(WORK REQUEST) Use the entries below and reproduce exactly the lines from the one containing "GAMBETTA FA Colocation" down to the one containing "Chambre Double - Vue sur Mer", both of them included.

(DATA PROVIDED)
Content starts

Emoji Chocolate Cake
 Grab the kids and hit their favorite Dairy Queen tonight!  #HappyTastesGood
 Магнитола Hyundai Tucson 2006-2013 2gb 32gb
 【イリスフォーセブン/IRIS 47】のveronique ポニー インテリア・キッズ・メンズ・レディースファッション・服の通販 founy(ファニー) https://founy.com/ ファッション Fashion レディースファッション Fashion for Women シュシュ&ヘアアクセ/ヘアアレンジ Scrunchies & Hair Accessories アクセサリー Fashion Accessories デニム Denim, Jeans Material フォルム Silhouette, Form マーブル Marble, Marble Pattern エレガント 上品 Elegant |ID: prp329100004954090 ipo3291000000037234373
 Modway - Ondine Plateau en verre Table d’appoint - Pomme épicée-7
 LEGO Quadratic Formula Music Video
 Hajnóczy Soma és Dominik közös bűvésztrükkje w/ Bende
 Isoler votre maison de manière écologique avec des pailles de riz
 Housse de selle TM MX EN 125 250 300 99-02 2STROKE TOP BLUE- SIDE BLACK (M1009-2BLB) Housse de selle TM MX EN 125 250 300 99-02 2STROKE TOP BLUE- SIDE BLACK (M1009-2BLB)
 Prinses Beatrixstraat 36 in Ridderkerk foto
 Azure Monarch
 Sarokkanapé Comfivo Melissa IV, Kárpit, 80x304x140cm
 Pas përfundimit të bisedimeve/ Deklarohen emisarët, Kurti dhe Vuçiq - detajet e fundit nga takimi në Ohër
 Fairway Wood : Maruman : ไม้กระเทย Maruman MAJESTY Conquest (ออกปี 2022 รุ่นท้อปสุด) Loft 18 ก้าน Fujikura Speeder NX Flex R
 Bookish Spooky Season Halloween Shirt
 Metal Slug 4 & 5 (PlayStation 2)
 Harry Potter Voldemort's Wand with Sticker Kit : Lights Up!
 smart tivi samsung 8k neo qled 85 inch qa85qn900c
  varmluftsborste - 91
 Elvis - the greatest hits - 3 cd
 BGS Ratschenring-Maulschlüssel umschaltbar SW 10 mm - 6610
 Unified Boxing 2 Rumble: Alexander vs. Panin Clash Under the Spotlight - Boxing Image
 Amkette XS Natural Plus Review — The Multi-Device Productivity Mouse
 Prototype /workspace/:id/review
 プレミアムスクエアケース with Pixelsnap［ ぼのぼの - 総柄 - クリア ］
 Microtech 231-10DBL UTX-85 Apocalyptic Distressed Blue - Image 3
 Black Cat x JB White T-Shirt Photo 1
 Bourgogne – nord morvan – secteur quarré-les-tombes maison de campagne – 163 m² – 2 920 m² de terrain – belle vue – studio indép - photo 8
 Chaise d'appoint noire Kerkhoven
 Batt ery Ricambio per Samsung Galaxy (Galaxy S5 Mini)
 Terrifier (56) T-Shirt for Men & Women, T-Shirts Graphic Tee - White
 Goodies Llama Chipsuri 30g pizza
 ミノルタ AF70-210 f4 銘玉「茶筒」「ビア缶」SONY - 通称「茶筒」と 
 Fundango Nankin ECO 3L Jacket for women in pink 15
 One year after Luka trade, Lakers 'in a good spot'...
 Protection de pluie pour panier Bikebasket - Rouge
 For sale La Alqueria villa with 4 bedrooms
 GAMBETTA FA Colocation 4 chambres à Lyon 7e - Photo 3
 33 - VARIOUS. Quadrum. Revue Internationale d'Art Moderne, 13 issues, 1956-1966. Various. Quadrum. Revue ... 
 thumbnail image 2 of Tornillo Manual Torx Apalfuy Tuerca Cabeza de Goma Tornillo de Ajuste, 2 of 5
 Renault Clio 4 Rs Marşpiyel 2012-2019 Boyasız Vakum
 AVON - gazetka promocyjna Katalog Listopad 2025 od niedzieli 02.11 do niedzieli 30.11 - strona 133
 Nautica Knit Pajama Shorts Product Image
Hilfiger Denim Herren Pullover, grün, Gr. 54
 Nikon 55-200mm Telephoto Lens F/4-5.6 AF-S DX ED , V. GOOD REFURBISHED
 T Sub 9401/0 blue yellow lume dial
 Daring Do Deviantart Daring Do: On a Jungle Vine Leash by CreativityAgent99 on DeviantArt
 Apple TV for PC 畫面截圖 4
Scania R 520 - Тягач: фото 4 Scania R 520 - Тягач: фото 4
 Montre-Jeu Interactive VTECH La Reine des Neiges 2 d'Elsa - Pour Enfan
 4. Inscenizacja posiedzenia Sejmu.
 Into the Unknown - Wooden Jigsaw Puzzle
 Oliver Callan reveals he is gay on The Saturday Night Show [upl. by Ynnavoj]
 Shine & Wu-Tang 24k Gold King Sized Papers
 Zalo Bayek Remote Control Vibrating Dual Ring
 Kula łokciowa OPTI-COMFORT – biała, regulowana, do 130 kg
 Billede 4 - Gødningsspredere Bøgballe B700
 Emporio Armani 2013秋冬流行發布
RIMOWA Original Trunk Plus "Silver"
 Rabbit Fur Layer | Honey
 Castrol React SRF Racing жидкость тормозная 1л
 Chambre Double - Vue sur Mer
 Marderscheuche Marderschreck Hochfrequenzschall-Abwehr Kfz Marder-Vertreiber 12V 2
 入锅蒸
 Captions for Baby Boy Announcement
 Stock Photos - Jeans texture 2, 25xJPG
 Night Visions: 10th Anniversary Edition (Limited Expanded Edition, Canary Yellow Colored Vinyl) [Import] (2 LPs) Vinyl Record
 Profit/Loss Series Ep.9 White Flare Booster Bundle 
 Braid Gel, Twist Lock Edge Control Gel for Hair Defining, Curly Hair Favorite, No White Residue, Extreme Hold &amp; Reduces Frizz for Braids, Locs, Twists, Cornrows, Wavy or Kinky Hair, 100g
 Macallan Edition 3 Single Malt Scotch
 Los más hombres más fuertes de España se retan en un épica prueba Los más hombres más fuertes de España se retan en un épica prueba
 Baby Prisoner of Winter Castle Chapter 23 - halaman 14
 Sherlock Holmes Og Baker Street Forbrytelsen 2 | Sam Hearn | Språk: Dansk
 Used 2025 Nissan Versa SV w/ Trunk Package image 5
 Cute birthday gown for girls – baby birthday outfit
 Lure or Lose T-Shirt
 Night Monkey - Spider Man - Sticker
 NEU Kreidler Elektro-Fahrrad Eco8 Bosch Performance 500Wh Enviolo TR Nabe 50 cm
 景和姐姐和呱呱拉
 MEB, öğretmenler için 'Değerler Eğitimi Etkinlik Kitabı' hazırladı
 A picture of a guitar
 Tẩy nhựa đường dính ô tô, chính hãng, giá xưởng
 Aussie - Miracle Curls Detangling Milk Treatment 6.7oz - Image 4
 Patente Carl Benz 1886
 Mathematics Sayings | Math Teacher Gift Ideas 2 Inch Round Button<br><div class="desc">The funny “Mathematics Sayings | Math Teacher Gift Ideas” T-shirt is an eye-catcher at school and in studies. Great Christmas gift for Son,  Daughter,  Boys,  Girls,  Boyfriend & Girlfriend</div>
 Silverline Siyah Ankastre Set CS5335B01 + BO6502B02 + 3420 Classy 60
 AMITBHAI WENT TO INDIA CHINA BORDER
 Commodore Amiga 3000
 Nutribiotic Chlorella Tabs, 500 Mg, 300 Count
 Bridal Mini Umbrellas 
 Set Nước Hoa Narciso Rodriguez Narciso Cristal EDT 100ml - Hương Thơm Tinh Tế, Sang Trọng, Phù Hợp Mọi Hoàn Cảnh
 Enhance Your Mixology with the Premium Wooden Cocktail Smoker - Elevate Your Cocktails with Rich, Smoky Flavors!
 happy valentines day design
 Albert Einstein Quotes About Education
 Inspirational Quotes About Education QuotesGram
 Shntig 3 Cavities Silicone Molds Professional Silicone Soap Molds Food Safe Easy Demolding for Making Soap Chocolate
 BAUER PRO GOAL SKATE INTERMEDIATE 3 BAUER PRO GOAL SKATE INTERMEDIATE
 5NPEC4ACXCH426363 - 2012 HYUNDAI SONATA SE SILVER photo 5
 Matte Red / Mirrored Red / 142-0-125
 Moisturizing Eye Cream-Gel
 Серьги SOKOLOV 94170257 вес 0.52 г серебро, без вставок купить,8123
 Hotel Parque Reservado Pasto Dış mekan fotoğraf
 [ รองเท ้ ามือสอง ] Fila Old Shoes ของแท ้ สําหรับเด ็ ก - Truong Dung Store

Content ends

(ANSWER BOX)
 GAMBETTA FA Colocation 4 chambres à Lyon 7e - Photo 3
 33 - VARIOUS. Quadrum. Revue Internationale d'Art Moderne, 13 issues, 1956-1966. Various. Quadrum. Revue ... 
 thumbnail image 2 of Tornillo Manual Torx Apalfuy Tuerca Cabeza de Goma Tornillo de Ajuste, 2 of 5
 Renault Clio 4 Rs Marşpiyel 2012-2019 Boyasız Vakum
 AVON - gazetka promocyjna Katalog Listopad 2025 od niedzieli 02.11 do niedzieli 30.11 - strona 133
 Nautica Knit Pajama Shorts Product Image
Hilfiger Denim Herren Pullover, grün, Gr. 54
 Nikon 55-200mm Telephoto Lens F/4-5.6 AF-S DX ED , V. GOOD REFURBISHED
 T Sub 9401/0 blue yellow lume dial
 Daring Do Deviantart Daring Do: On a Jungle Vine Leash by CreativityAgent99 on DeviantArt
 Apple TV for PC 畫面截圖 4
Scania R 520 - Тягач: фото 4 Scania R 520 - Тягач: фото 4
 Montre-Jeu Interactive VTECH La Reine des Neiges 2 d'Elsa - Pour Enfan
 4. Inscenizacja posiedzenia Sejmu.
 Into the Unknown - Wooden Jigsaw Puzzle
 Oliver Callan reveals he is gay on The Saturday Night Show [upl. by Ynnavoj]
 Shine & Wu-Tang 24k Gold King Sized Papers
 Zalo Bayek Remote Control Vibrating Dual Ring
 Kula łokciowa OPTI-COMFORT – biała, regulowana, do 130 kg
 Billede 4 - Gødningsspredere Bøgballe B700
 Emporio Armani 2013秋冬流行發布
RIMOWA Original Trunk Plus "Silver"
 Rabbit Fur Layer | Honey
 Castrol React SRF Racing жидкость тормозная 1л
 Chambre Double - Vue sur Mer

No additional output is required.